[PATCH 3/6] mfd: devicetree: bindings: 88pm800: Add DT property for 32KHz output enable
Vaibhav Hiremath
vaibhav.hiremath at linaro.org
Mon Jul 13 00:38:14 PDT 2015
On Monday 13 July 2015 01:01 PM, Krzysztof Kozlowski wrote:
> On 13.07.2015 16:24, Vaibhav Hiremath wrote:
>>
>>
>> On Saturday 11 July 2015 12:41 PM, Krzysztof Kozlowski wrote:
>>> W dniu 09.07.2015 o 20:47, Vaibhav Hiremath pisze:
>>>> 88PM800 family of device supports output of 32KHz clock (low jitter)
>>>> on CLK32K2/3 pin which can be supplied to other peripherals on the
>>>> board.
>>>>
>>>> This patch adds the devicetree binding to enable this feature.
>>>>
>>>> Signed-off-by: Vaibhav Hiremath <vaibhav.hiremath at linaro.org>
>>>> ---
>>>> Documentation/devicetree/bindings/mfd/88pm800.txt | 6 ++++++
>>>> 1 file changed, 6 insertions(+)
>>>>
>>>> diff --git a/Documentation/devicetree/bindings/mfd/88pm800.txt
>>>> b/Documentation/devicetree/bindings/mfd/88pm800.txt
>>>> index dec842f..ae1311c 100644
>>>> --- a/Documentation/devicetree/bindings/mfd/88pm800.txt
>>>> +++ b/Documentation/devicetree/bindings/mfd/88pm800.txt
>>>> @@ -9,6 +9,12 @@ Required parent device properties:
>>>> - #interrupt-cells : should be 1.
>>>> The cell is the 88pm80x local IRQ number
>>>>
>>>> +Optional properties :
>>>> + - marvell,88pm800-32khz-xolj-out-en : If set, driver will enable
>>>> low jitter
>>>> + version of 32Khz clock output on
>>>
>>> I am not sure if I understand it correctly. The hardware always has such
>>> clocks and you only want to enable/disable it in DT? Any reasons why
>>> these should not be enabled always?
>>>
>>
>> Small amount of Power savings...
>> Although currently I do not have power numbers to justify this.
>>
>> As per spec, (it only talks about power consumption in power down state)
>>
>> Power-down State => VSYS > 2.8 => 4.5 μA
>> CLK32K2 = 0 => 18 μW
>
> This would be a power saving if it could be enabled/disabled runtime.
> But with DT you will either:
> 1. enable it always so there won't be any power saving,
> 2. disable it always so there won't be such clock.
>
> I can find a use case - when on some boards the clock output is not
> wired to anything so it cannot be used.
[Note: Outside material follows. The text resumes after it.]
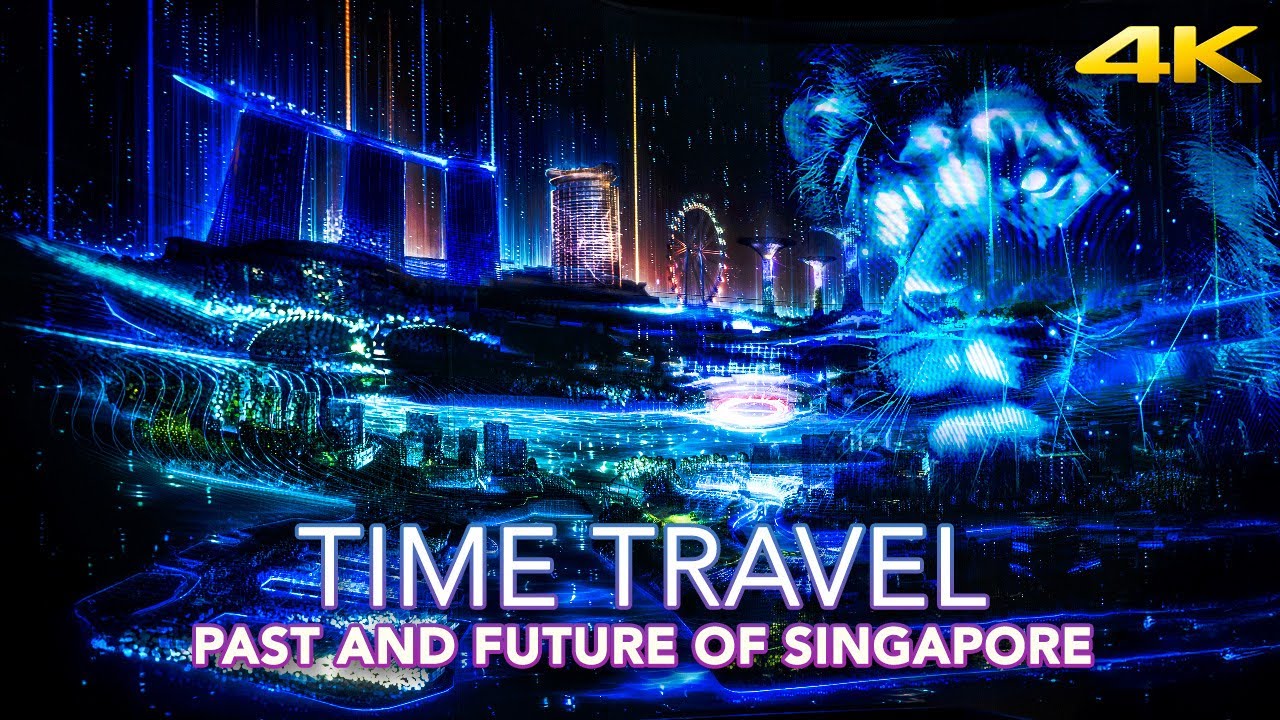 SINGAPORE ODYSSEA Full Immersive Walkthrough Tour | A Time-Travel Voyage for SG60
In other cases (there is some
> potential user) this should be triggered per-use (runtime enabled/disabled).
>
Exactly,
> Do you have such case? I mean boards where this is not connected at all
> and boards where this is used?
>
The PXA1928 based board which I have,
CLK32K1 (G3 pad) = Used by Wireless chip
CLK32K2 (G11 pad) = Not connected to anything, so we need to disable
this output
>>> Enabling it in DT does not look like a job for DT. Maybe you there
>>> should be just a clock driver (clock provider)?
>>>
>>
>> It's init time (and one time) settings, wouldn't clock-provider
>> be overkill for this?
>
> The clock provider would be a proper way to do it and some PMICs I know
> do this. Examples are max77686 and s5m8767/s2mps11. These are PMICs used
> for Samsung SoCs. They have two or three 32kHz clocks.
>
This is good to know.
Let me take a look at these drivers.